昨年12月、2018年度から給付型奨学金制度をスタートさせるという政府の方針が発表されました(2017年度から一部先行実施)。
内容は、住民税非課税世帯の大学等進学者を対象として、月2~4万円を1学年あたり2万人に給付する(児童養護施設を出たばかりの者には別に入学金相当額を給付する)というものです。

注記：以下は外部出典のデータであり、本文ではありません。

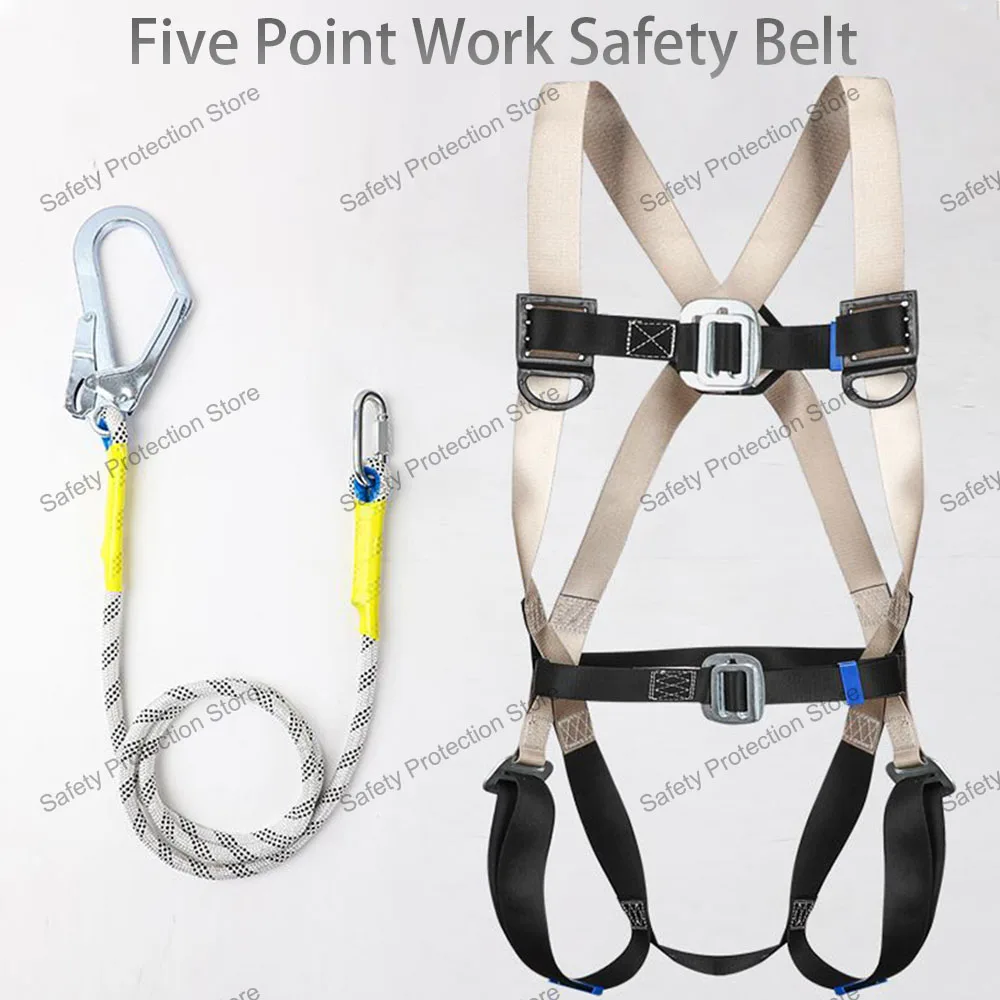 High Altitude Work Safety Harness Five Point Full Body Safety Belt Outdoor Climbing Training Construction Protective Equipment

これを画期的だと評価する声がある一方で、給付額・対象者数が少なすぎる(住民税非課税世帯の進学者は全体で6万人を超えるとされています)、対象者を選ぶ基準が明確でない等の問題点も指摘されています。

私が気になったのも、対象者を選ぶ基準です。
国の指針によると、対象者となるのは、①高い学習成績、②教科以外の学校活動等で大変優れた成果、のいずれかの要件を満たす者とされています。
しかし、この基準では、家計を支えるためのアルバイトに追われ学業に専念できない生徒が対象者として選ばれるのは困難です。
経済的に苦しんでいる者ほど給付型奨学金の受給が遠のくというのはおかしな話ではないでしょうか。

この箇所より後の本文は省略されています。